Now let’s think about this for just a minute! Who, in their right mind, would come up with such an idea? That feeding poison directly into one’s heart would heal them? But, that is what the doctors prescribe and that is what society buys into, including me.
No one ever discussed a third option with me. What is the third option? Not to have chemotherapy at all! That option was never mentioned. I now know that Spirit really did not want me to receive chemotherapy but, at the time, I was operating and making decisions out of pure fear. It is very difficult for you to hear Spirit when you surround yourself with the static of fear. Let me repeat that. It is very difficult for you to hear Spirit when you surround yourself with the static of fear.
I am an Empath. Among other things, it means I am very sensitive physically. I also have what you would call squiggly, difficult veins. Hence, my dread of needles. I have experienced the challenges of edema as a result of my first go round with cancer. I personally know of women who are continually having trouble with their arms as a result of receiving treatment through a PICC line.
I therefore chose to have a port implanted. For myself, I felt it was the option with the least risk. Before I knew it, I was booked for surgery to have the port implanted. So surreal! The surgery itself was uneventful. I was home in the blink of an eye. Unfortunately, I don’t recall or don’t remember anyone telling me the risks to my heart at the time. It has been about 18 months, and my heart is still healing.
I ended up with an all too familiar dilemma. How to get some sleep! I could not sleep on my right side because of my breast surgery. Now I could not sleep on my left side because of the port! What is a girl to do!!! My only choices were sleeping on my back surrounded by pillows to support my breast, or sitting upright. No moving to the right. No moving to the left. I can tell you it was certainly not the most restful of weeks.

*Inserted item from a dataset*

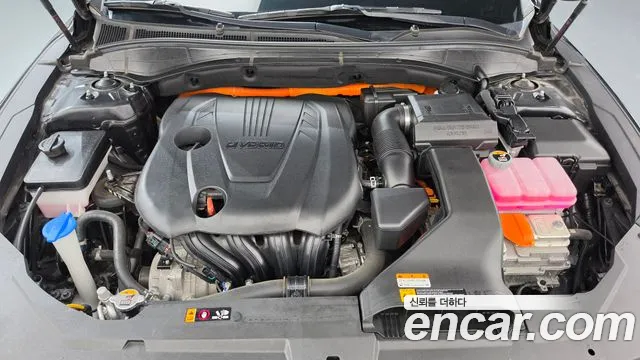 Hyundai Grandeur Grandeur (New) Hybrid — Фото автомобиля 6
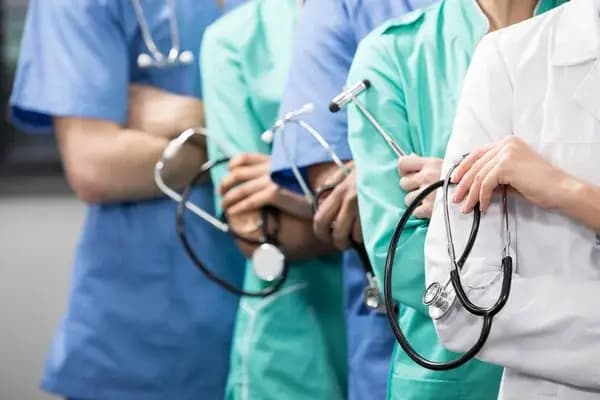 В Кыргызстане предложили перевести обучение будущих врачей на грантовую основу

The day following the port surgery I felt surprisingly good for someone that had just had a foreign object implanted in her chest. It was a beautiful day and I decided to go for a little walk and breathe some fresh air. I didn’t even make it to the end of the block when I felt a sudden thump on my chest with a heavy pressure on my heart. I could feel the port move. I felt like I was choking. It was very scary. This was the first message that Spirit sent me, saying that chemotherapy was a bad idea.
I slowly shuffled my way back home. By the time I made it home I felt a little better. I dismissed my earlier feelings. Big mistake! By the next day I was choking and having difficulty breathing. I was having chest pains and an erratic heart rhythm. But still I couldn’t bring myself to call 911. I called 811 instead! Silly me. The nurse insisted I call an ambulance right away. Which I did.

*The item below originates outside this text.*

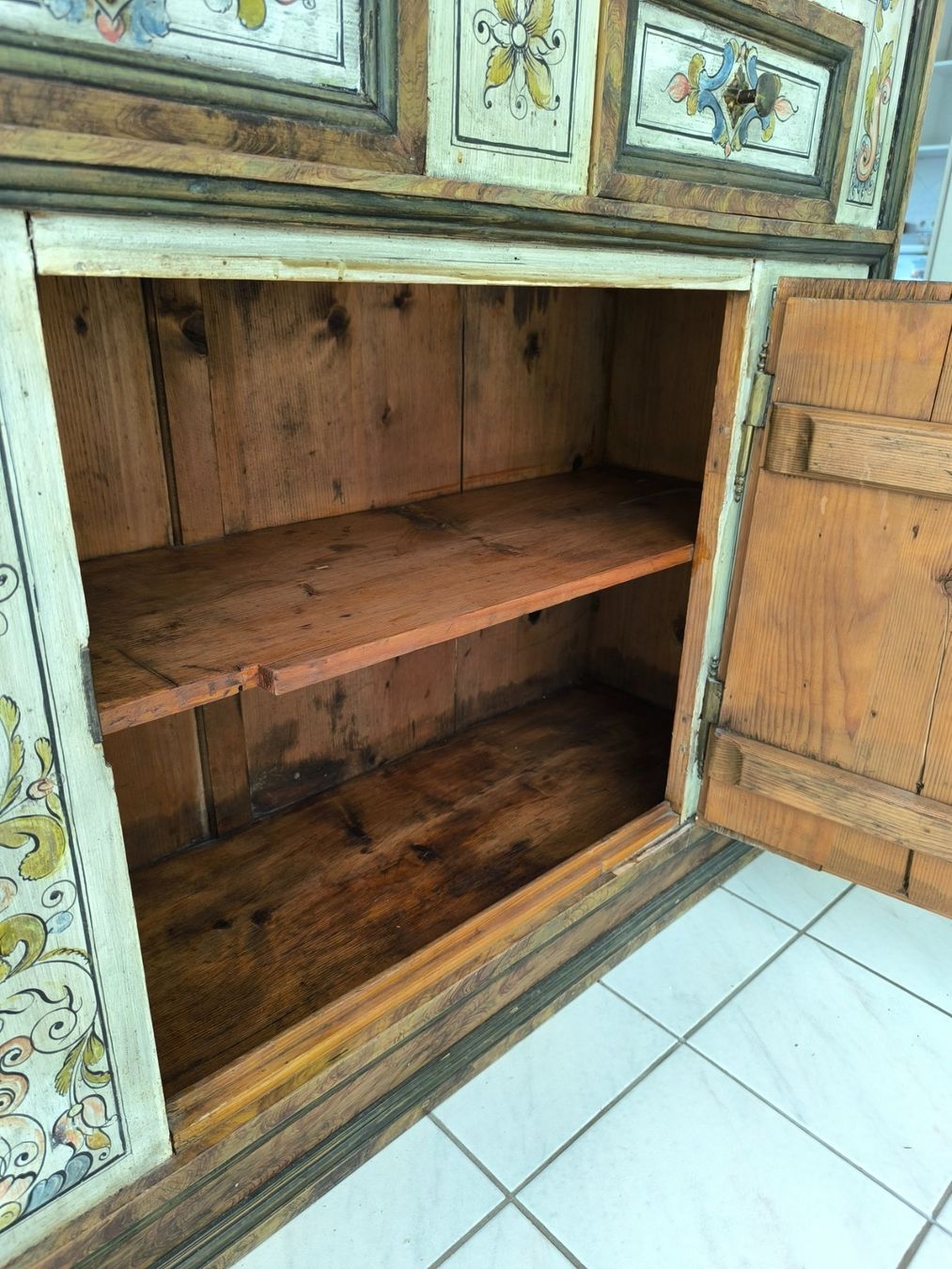 Armadi: Bemalter Bauernschrank 18Jht – Usato da Riehen venduto da tin_yx6j 7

And so began one of several trips to emergency over the next two weeks. Each time, I received a battery of tests and x-rays, to no avail. The port appeared to be located correctly, although it felt physically deeper in my chest than it did after the surgery.
Because they couldn’t find an explanation for the choking, the chest pressure, and the erratic heart rhythm, doctors dismissed my concerns as that of, for want of a better description, a hysterical woman. Don’t you just hate that?!
After two weeks of running back and forth to the emergency, I finally fell in to a deep sleep from exhaustion. I woke to find I was on my side. Uh oh. As a result, the port had shifted again. The good news was that my symptoms did lessen as a result. Although it was still uncomfortable, and I occasionally still felt like I was choking, I resigned myself to living with this port inside my chest indefinitely so that I could proceed with chemotherapy treatment. Otherwise, I would have to have the port removed and revert to treatment through a PICC line. That was not something that I wanted to do.
By the way, the cancer clinic just called to schedule my chemotherapy sessions. More decisions.